**TASK INSTRUCTIONS:** The output is the line containing "漫画《万能履历表》第13话第26张图" plus every later line down to the end of the listing below, copied exactly. No pictures belong in it.

▬▬▬▬▬▬▬▬▬▬

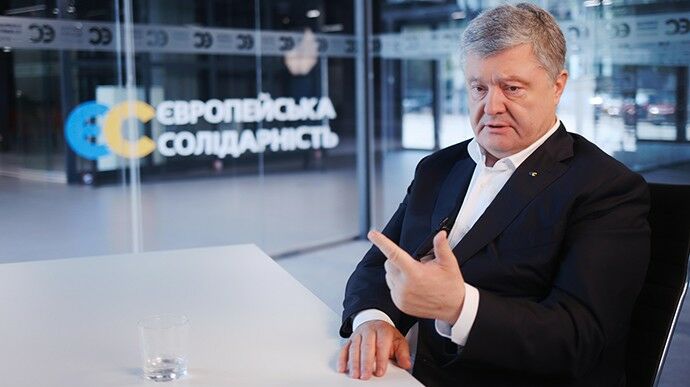 НАБУ закрыло дело против Порошенко о возможной растрате $100 млрд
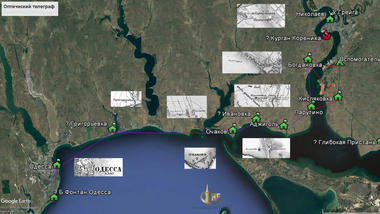 Карта известных башен оптического телеграфа Николаев - Одесса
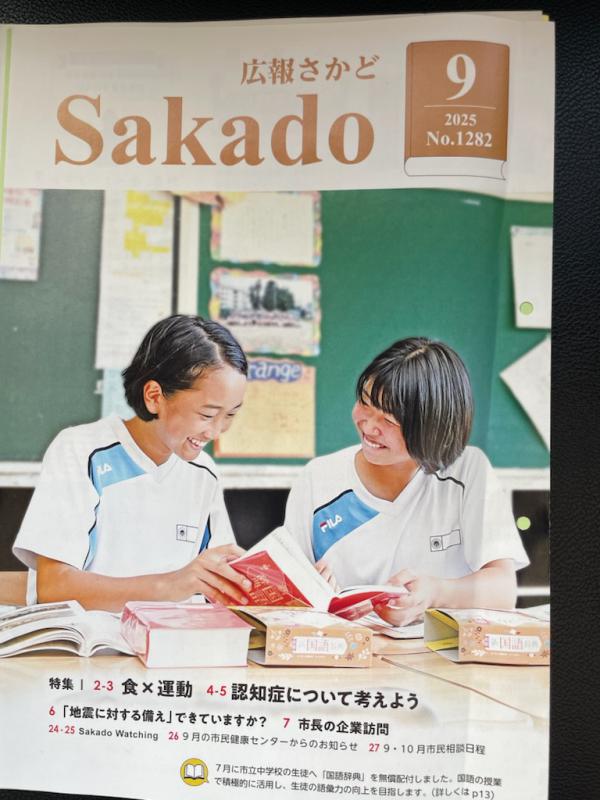 坂戸市の広報に掲載されました(市長企業訪問)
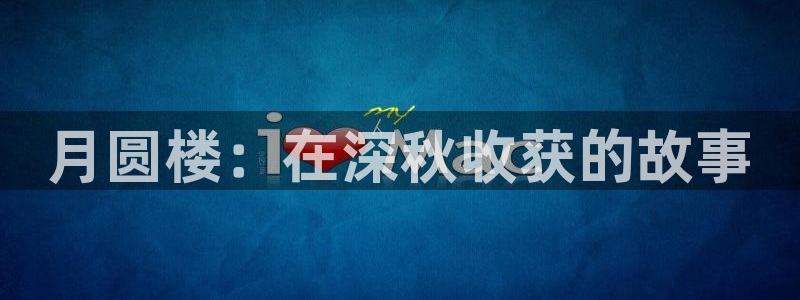 意昂3娱乐：月圆楼：在深秋收获的故事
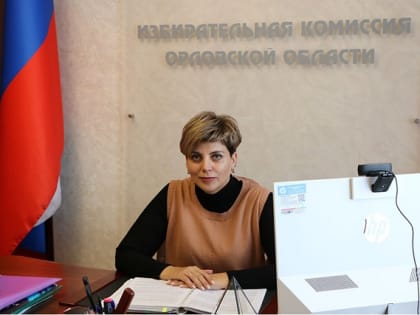 Результаты выборов губернатора проверит спецгруппа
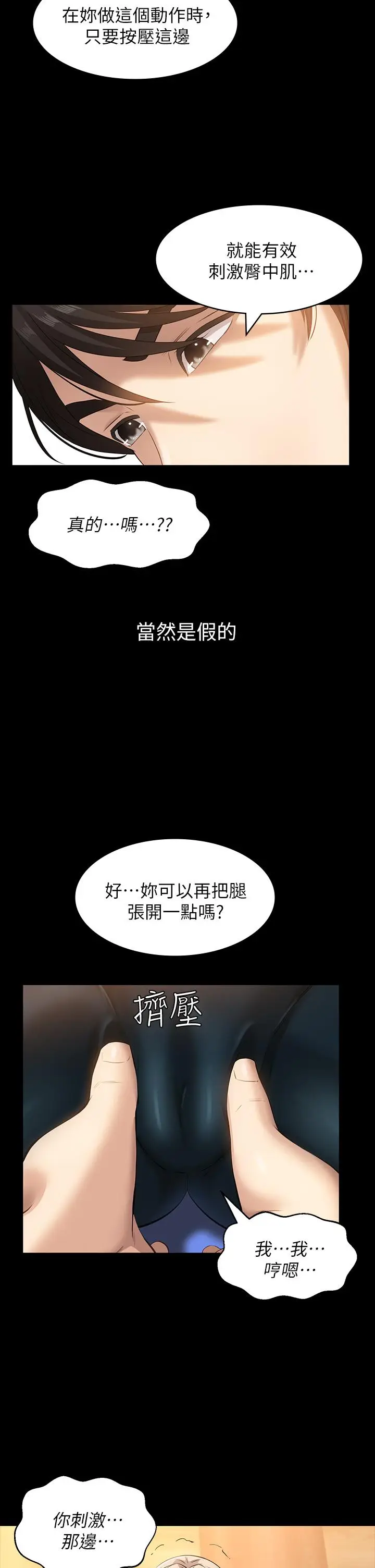 漫画《万能履历表》第13话第26张图
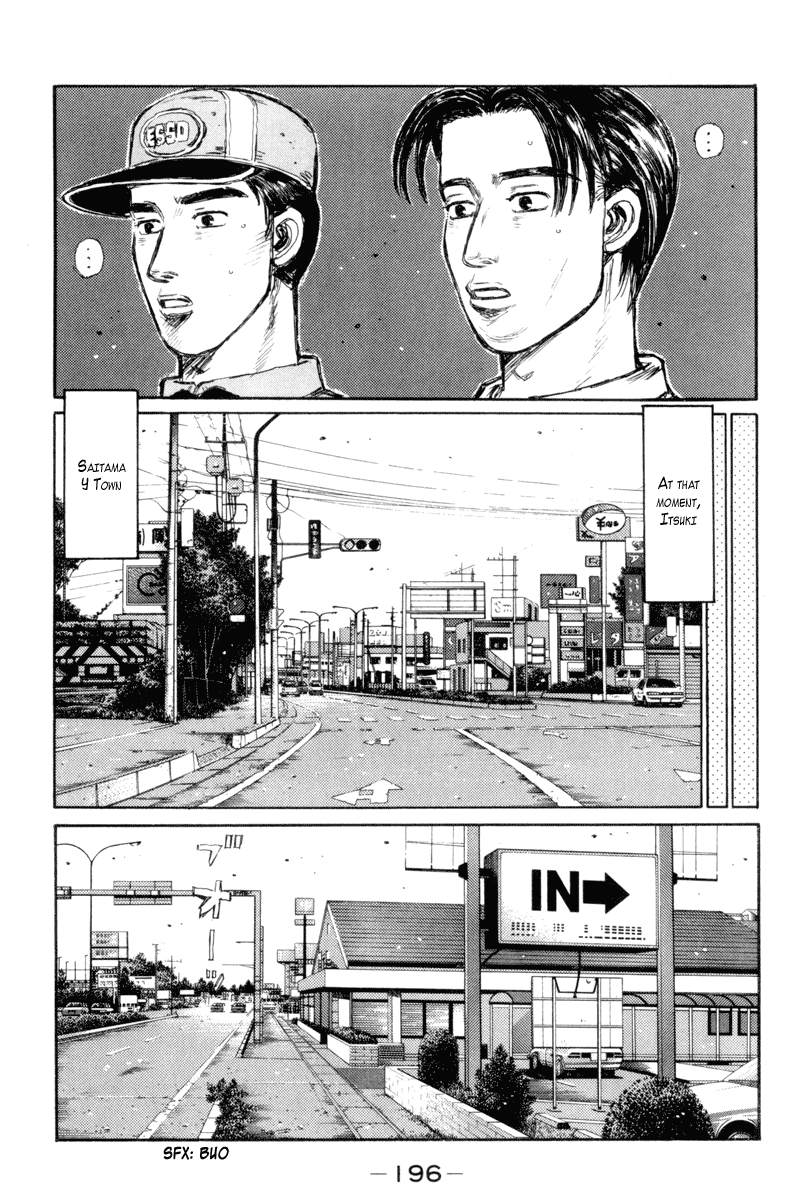 Initial D Chapter 320 page 4 - Chapter 320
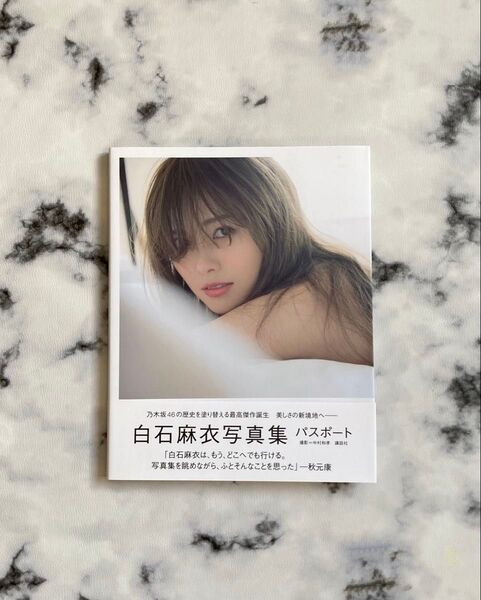 白石麻衣写真集 パスポート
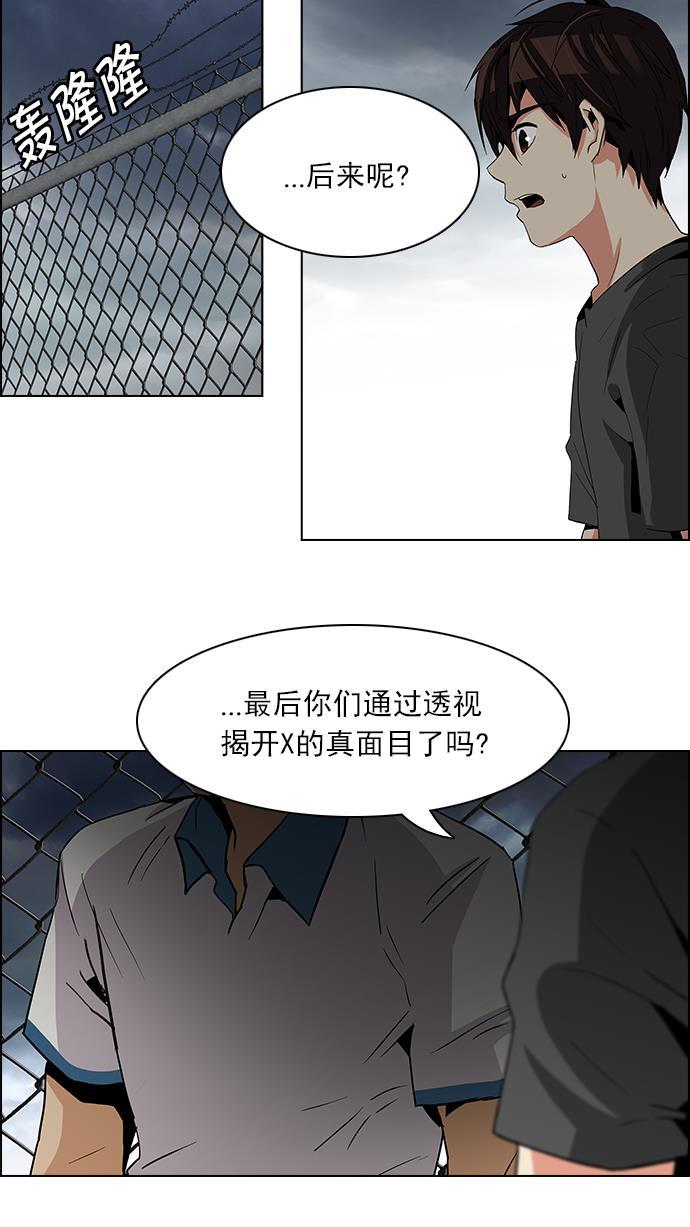 腐女子彼女漫画韩漫全集-[第74话] 太彬（无影）Ⅳ无删减无遮挡章节图片 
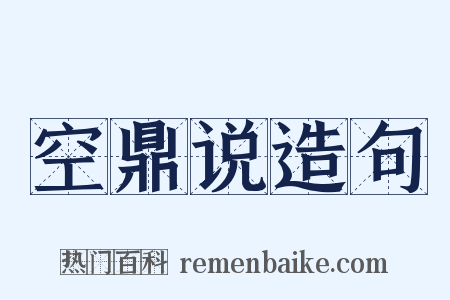 空鼎说造句是什么意思的图片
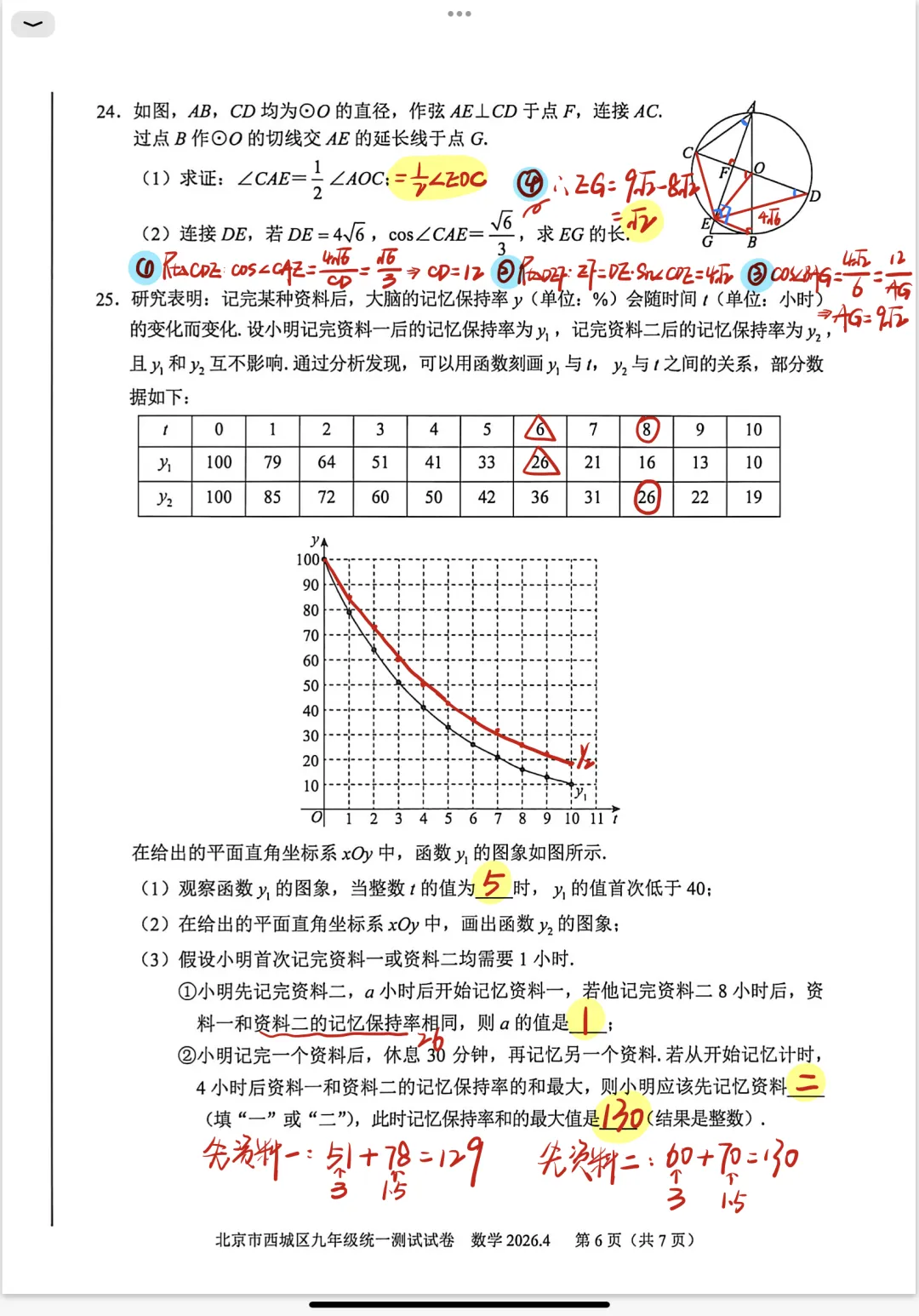 模拟真题 | 2026西城一模 第6张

▬▬▬▬▬▬▬▬▬▬

**TASK SOLUTION:**
 漫画《万能履历表》第13话第26张图
 Initial D Chapter 320 page 4 - Chapter 320
 白石麻衣写真集 パスポート
 腐女子彼女漫画韩漫全集-[第74话] 太彬（无影）Ⅳ无删减无遮挡章节图片 
 空鼎说造句是什么意思的图片
 模拟真题 | 2026西城一模 第6张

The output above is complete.